Notícias de outras ilhas: Edimilson de Almeida Pereira

Notícias de outras ilhas: Edimilson de Almeida Pereira
O poeta Edmilson de Almeida Pereira (Foto: Carlos Mendonça)

 

Edimilson de Almeida Pereira (1963) é professor da Faculdade de Letras da Universidade Federal de Juiz de Fora, MG. Entre diversos livros de ensaio e poesia, é autor de Entre Orfe(x)u e Exunouveau: análise de uma epistemologia de base afrodiaspórica na Literatura Brasileira (Azougue, 2017) e Poesia + (Editora 34, 2019), antologia que reúne poemas de várias fases de sua obra, escritos entre 1985 e 2019.

Para a seção “Notícias de outras ilhas” – em que poetas, escritores e tradutores sugerem leituras para o período da quarentena – indica poemas de Adão Ventura, Eustáquio Gorgone de Oliveira e Sérgio Kleinsorge. A seção é curada por Tarso de Melo. Leia os poemas e o comentário do poeta abaixo.

 

Com a licença das leitoras e leitores, trago à ilha virtual da revista Cult três autores que, já não estando entre nós, “permanecem” aqui, ao nosso lado, por demonstrarem uma percepção aguda da linguagem e das relações entre a história do indivíduo e da sociedade. Por meio de uma poética cerzida com fios das dicções barroca e expressionista (para considerarmos apenas dois focos de atenção dessas poéticas), Adão Ventura, Eustáquio Gorgone de Oliveira e Sérgio Kleinsorge escreveram obras atemporais. Poetas do enigma e da revelação, do sonho e da realidade social, deixaram um legado estético que nos ensina a extrairmos forças de nossa própria vulnerabilidade.

 

O primogênito da cultura

Adão Ventura

o primeiro filho nascera coberto de arame farpado; montanhas circundaram-lhe o corpo. axilas douradas compactuavam com o seu sétimo dia. seus cabelos pré-fabricados de espumas impunham amor nas ataduras dos deuses. seu primeiro dente obstruía as entradas dos navios no porto e os passaportes para os pássaros.
– compraram-lhe roupas verdes de raízes; suas mãos conduziam cordas e sombras para o desencanto dos mortos.
– fizeram-no mártir; sua vestimenta de gases mortíferos envenenava palavras e adulterava sonhos. os parentes vieram visitá-lo e ofereceram-lhe pontes; seu corpo foi completado por madeiras. as mulheres quiseram dividi-lo em ciúmes, mas sua sombra imprimia silêncio. – quando a faca chegou, seu corpo abriu-se em sofrimentos, a carne não se conteve e escancarou-se em portas; de suas entranhas desertaram terras (posses de acabadas eras.) lembro-me dos sóis desatados de suas tranças, seu nome incrustado no limbo corroía estátuas de mil séculos.
– o jardim já estava nos olhos semicerrados de cera.

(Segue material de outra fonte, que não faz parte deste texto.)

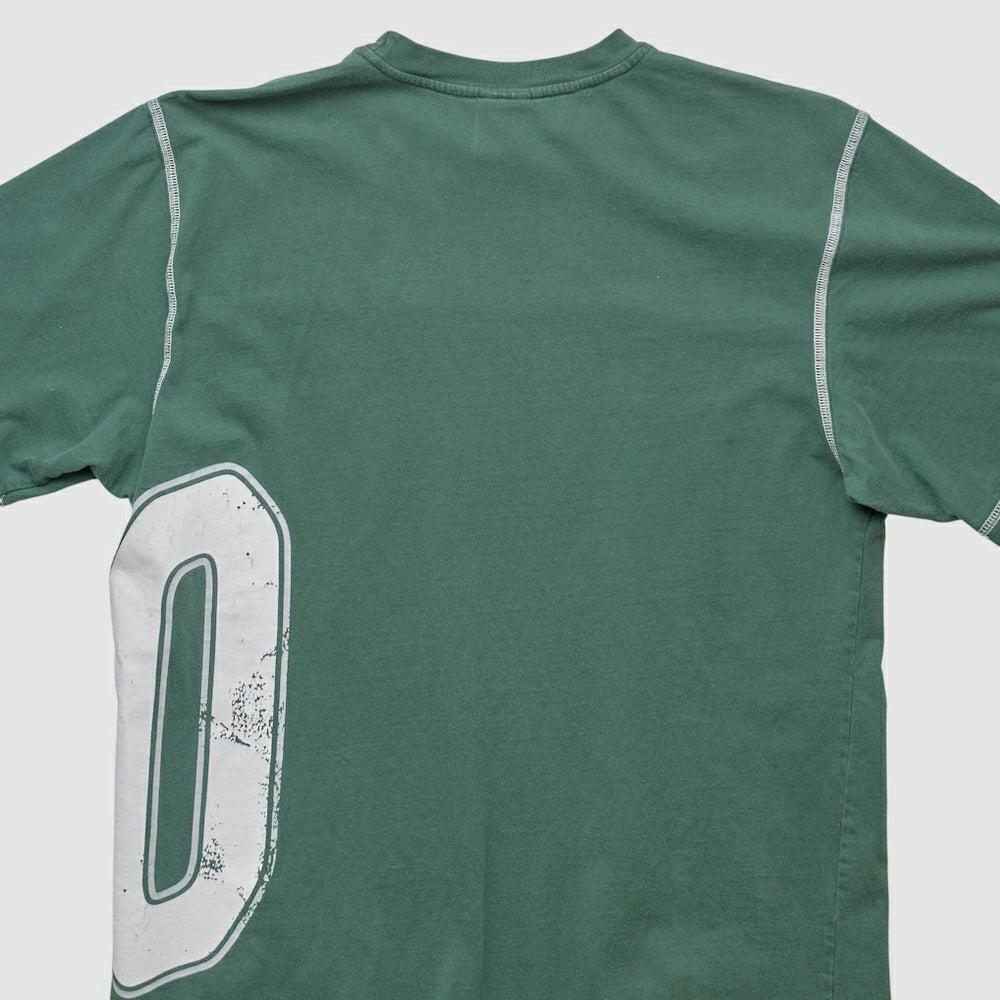 New York Jets Reebok 2000s T-shirt Green Vintage - Fanatics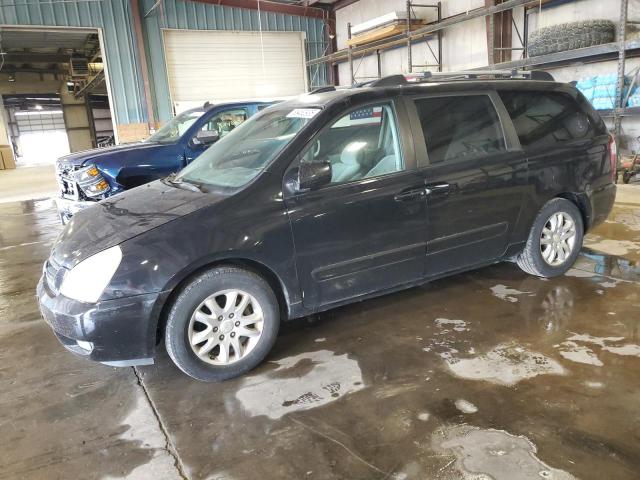 KIA SEDONA EX 2007 with VIN KNDMB233X76182536 - Photo from auction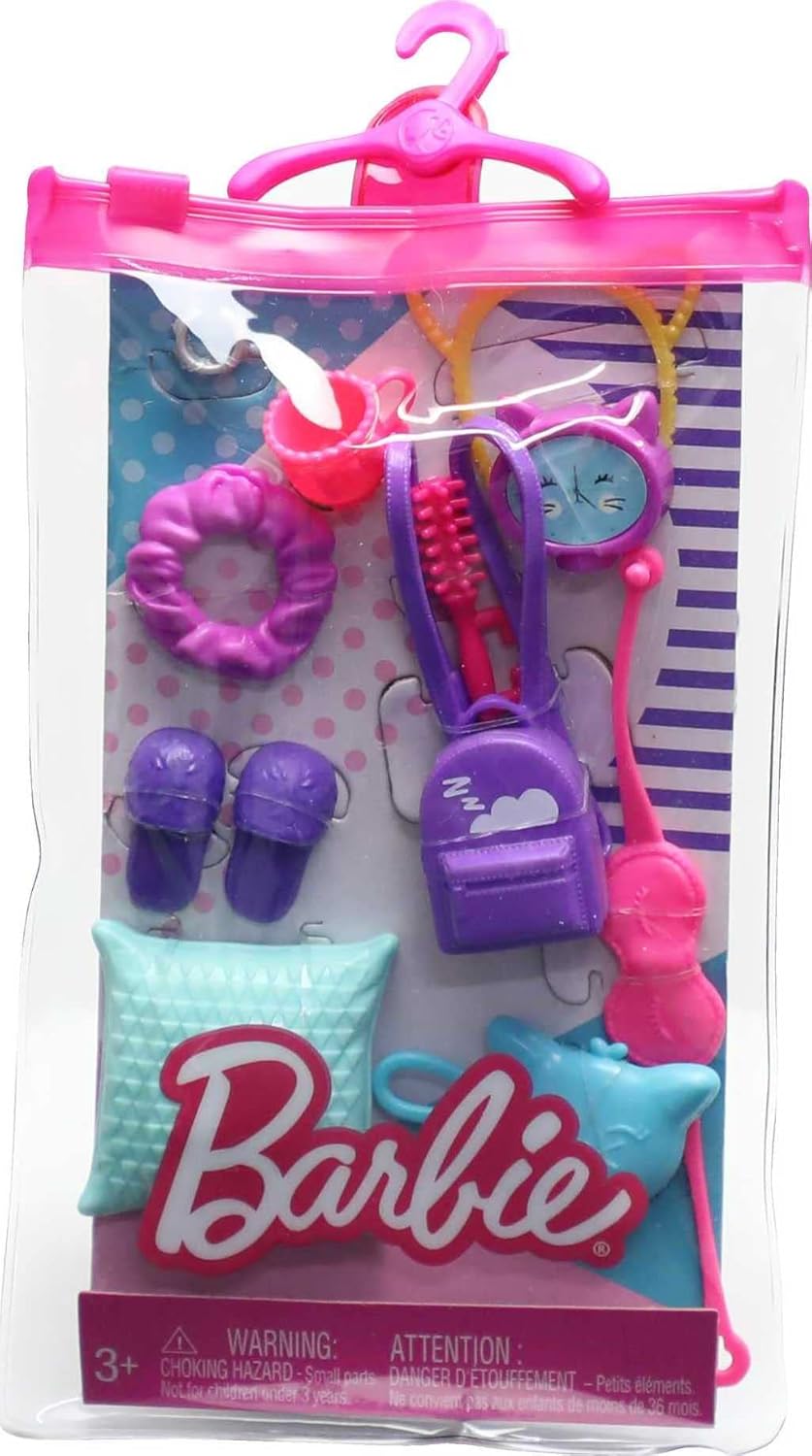 Barbie akcesoria modowe – Impreza piżamowa (HJT29)
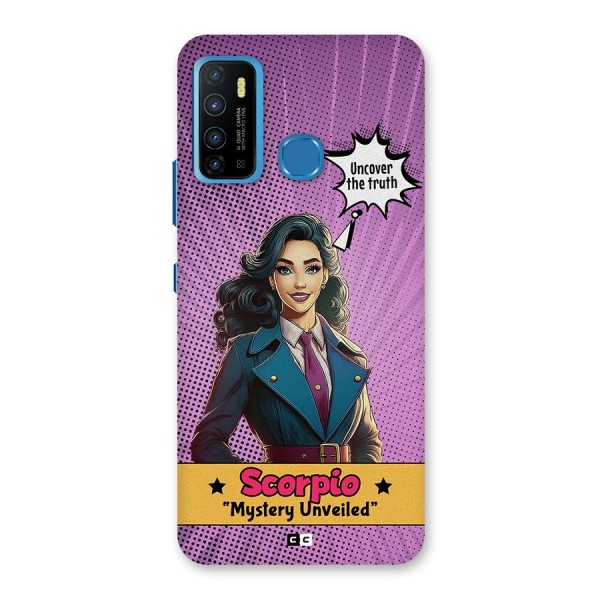 Scorpio Mystery Back Case for Infinix Hot 9
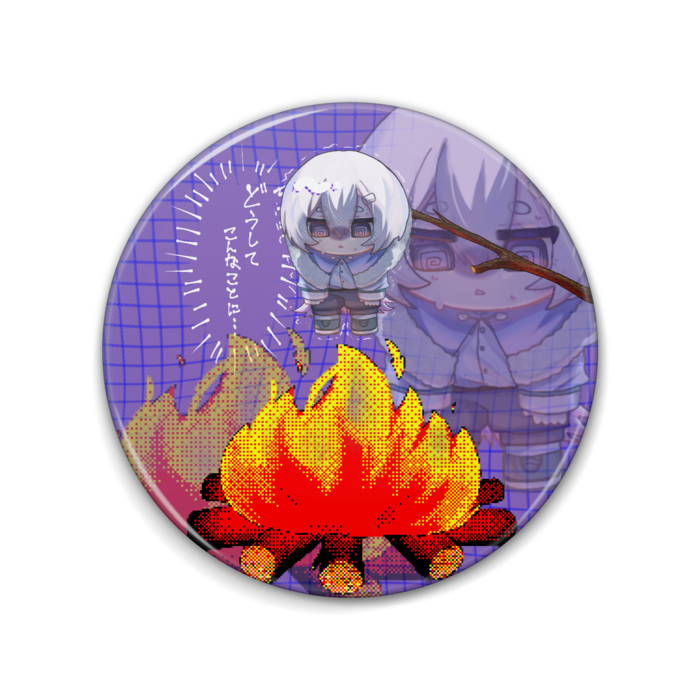 缶バッジ - 76mm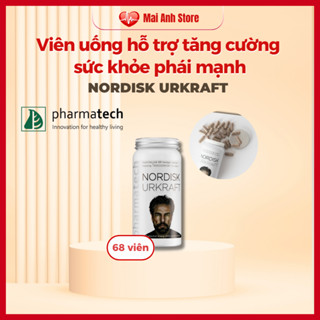 Viên uống hỗ trợ sức khỏe nam giới NORDISK URKRAFT/PLUS PHARMATECH 68 viên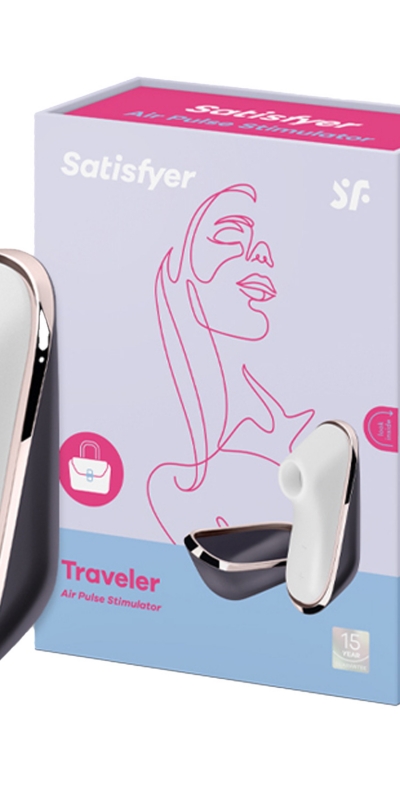 SATISFYER PRO TRAVELER Companheiro de viagem para múltiplos orgasmos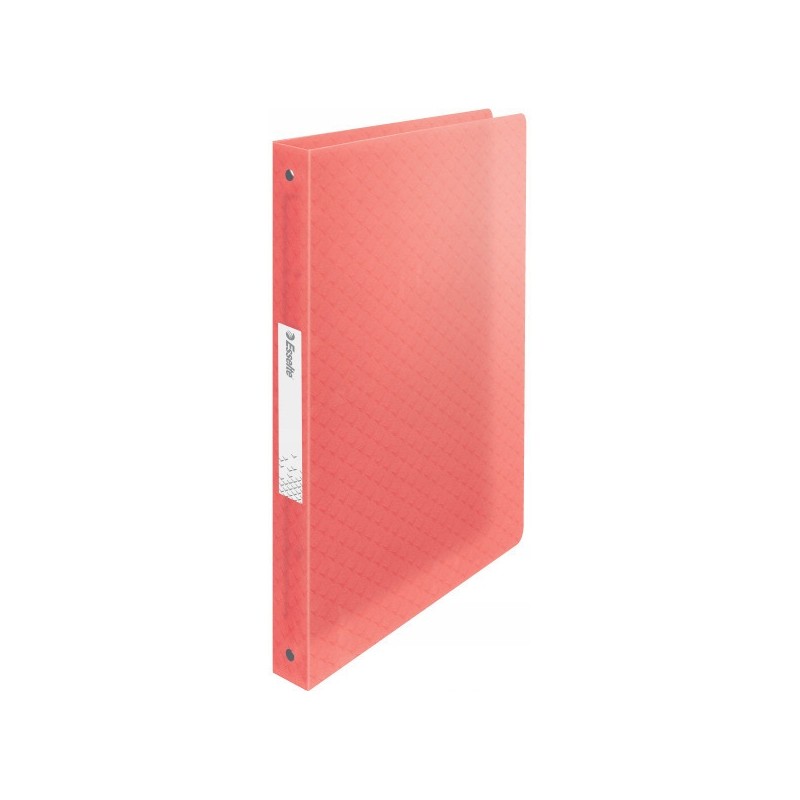 Segregator ringowy Esselte Colour`Breeze 4 RR 25 mm koralowy 628437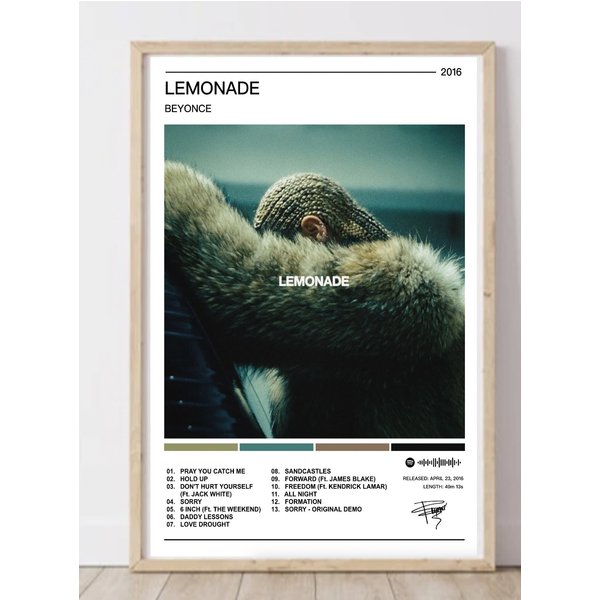 Beyonce | Lemonade Album Poster-image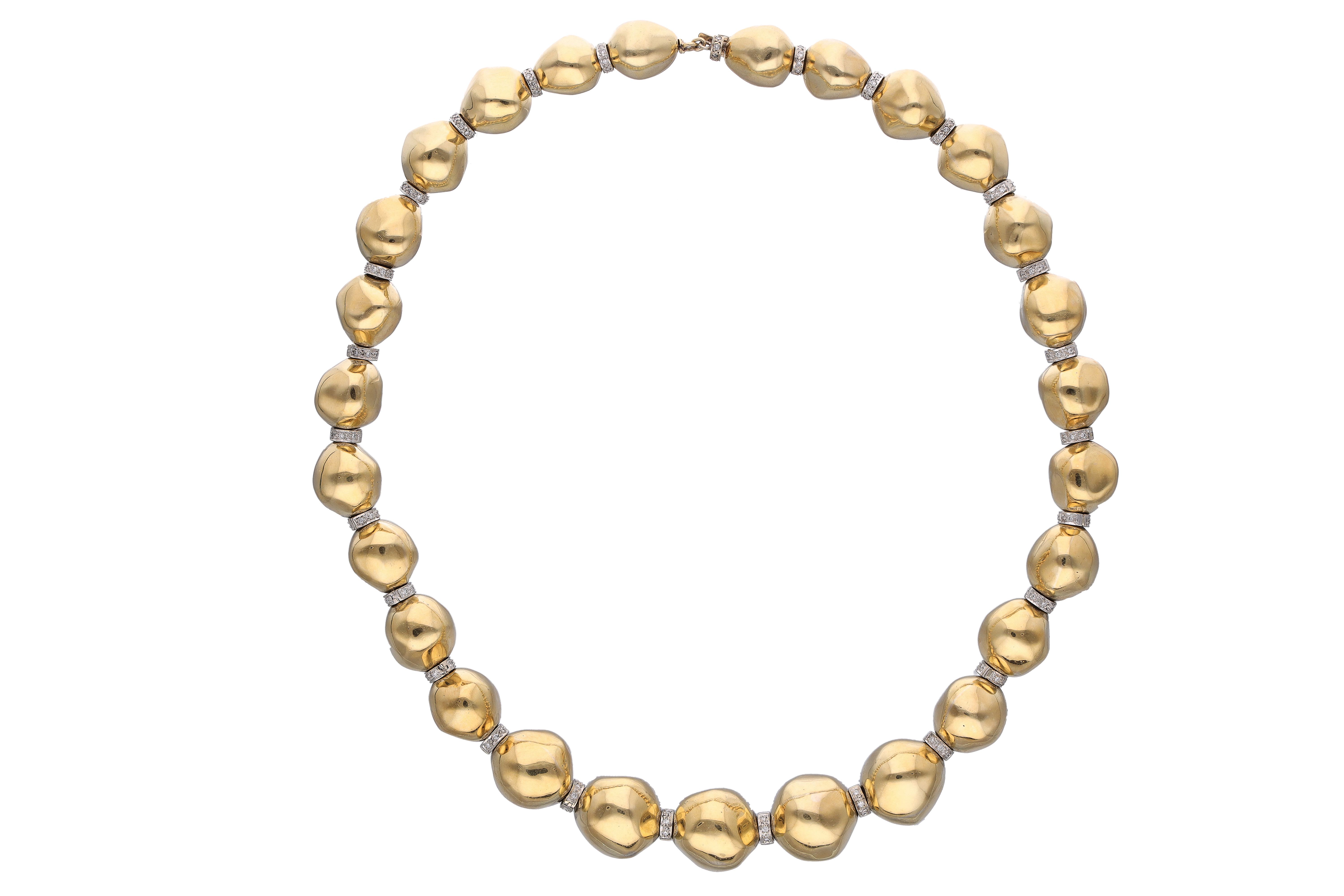 Collana con diamanti - Speciale di Natale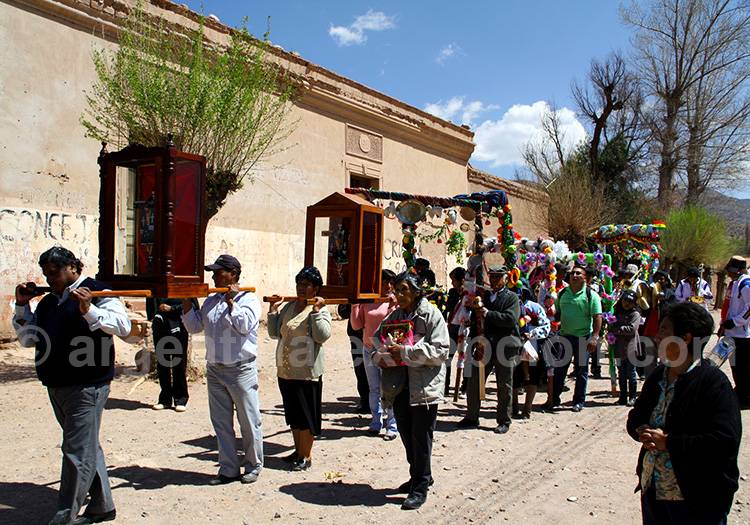 Semaine sainte à Purmamarca Semaine sainte à Purmamarca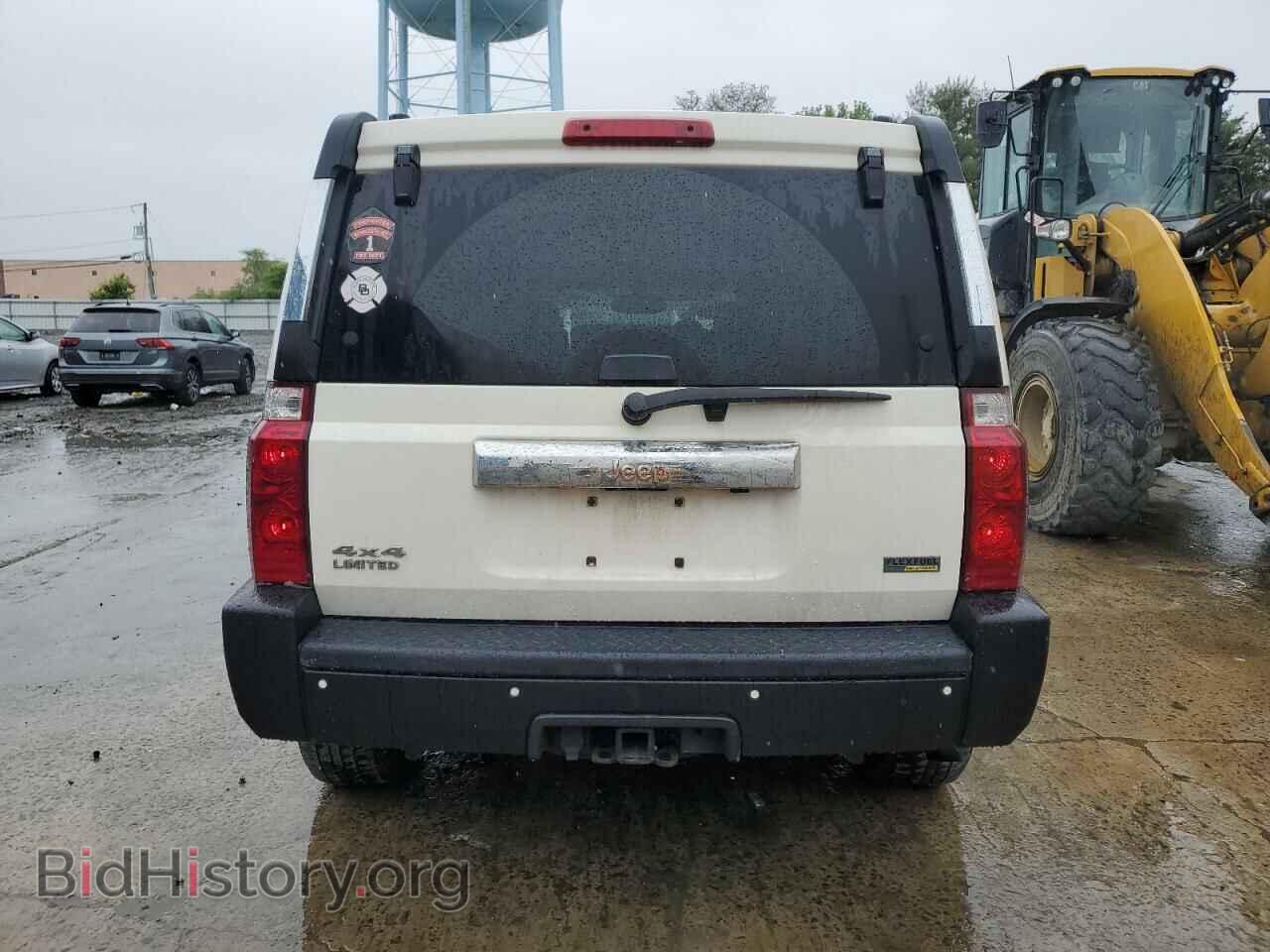 2007 JEEP COMMANDER - VIN: 1J8HG58P07C529284 - Фото 6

Em Abrir-se um abutre ou mesmo depois de deduzir dele o azul, Edições Oficina, 1969

***

Soledade de Minas

Eustáquio Gorgone de Oliveira

As horas para mim são tão longas
Que já me habituei com o chamado das camas
E a lentidão de meus sonhos.
Ando de um canto para o outro sem pressa
Levando minha pessoa inteira com cuidados
Para de ruim nada me acontecer.
O teto da casa onde vivo já se acostumou
Às minhas maneiras com que reajo ao sol
E ao meu corpo que abandona os quartos
Com as mãos erguidas de sono.
Eu e o tempo já nos adaptamos amavelmente,
Sem atritos, rangidos e sussurros,
E tão bondosos somos um para o outro
Que ele amarra meus sapatos de baile.
As festas efêmeras tornaram-se minhas amigas
De confiança e eu, estrela perdida no céu,
Vou vivendo da vida que vive em mim.

Em Delirium-tremens, Editora Pongetti, 1974.

***

Árvore genealógica

Sérgio Kleinsorge

Em nossa família como procedemos:
órfão
o filho põe no colo o retrato do pai
e manda tirar um retrato.
Morre
e seu filho segura a imagem do pai junto ao avô
para novo retrato
amanhã no colo do filho seguinte.

De morte em fotografia
o sangue tem sobrevivido.
A cada retrato
rasgamos o precedente
nosso álbum só precisa de uma página.
Envelhecemos de fora para dentro
a memória dos antepassados preservada
enquanto dura a nitidez de seus rostos.